*** The data Section Begins ***
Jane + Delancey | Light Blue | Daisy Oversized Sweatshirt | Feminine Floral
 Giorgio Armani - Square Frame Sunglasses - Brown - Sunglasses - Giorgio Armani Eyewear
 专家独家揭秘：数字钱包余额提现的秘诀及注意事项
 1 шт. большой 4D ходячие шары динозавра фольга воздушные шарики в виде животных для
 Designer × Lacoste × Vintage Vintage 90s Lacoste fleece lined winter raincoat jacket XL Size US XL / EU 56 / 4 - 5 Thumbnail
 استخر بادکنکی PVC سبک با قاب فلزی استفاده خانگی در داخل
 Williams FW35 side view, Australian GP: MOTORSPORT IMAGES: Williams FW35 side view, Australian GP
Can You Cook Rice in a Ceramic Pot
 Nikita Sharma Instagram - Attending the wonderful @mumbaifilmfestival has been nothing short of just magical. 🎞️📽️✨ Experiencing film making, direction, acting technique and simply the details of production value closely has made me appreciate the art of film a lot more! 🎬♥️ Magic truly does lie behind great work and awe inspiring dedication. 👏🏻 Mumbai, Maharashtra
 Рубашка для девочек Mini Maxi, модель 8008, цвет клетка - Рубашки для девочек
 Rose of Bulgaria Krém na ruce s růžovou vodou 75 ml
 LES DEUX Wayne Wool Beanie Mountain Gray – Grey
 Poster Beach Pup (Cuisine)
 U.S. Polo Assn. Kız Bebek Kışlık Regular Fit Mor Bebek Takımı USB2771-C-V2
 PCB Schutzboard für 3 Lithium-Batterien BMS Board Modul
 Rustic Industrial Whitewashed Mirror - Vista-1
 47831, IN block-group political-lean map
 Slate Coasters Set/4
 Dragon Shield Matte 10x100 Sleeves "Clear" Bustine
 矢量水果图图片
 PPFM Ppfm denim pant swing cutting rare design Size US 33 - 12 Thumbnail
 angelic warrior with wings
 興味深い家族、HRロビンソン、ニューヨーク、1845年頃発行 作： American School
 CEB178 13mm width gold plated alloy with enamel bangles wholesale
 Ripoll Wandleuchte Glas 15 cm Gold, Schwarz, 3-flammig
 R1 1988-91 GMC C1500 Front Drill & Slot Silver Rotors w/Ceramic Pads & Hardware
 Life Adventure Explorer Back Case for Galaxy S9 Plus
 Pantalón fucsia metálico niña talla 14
*** The data Section Ends ***
◆ **Try it**
Scan the records for the word "with" and copy every line where it is found.

◆ **Output**
 angelic warrior with wings
 CEB178 13mm width gold plated alloy with enamel bangles wholesale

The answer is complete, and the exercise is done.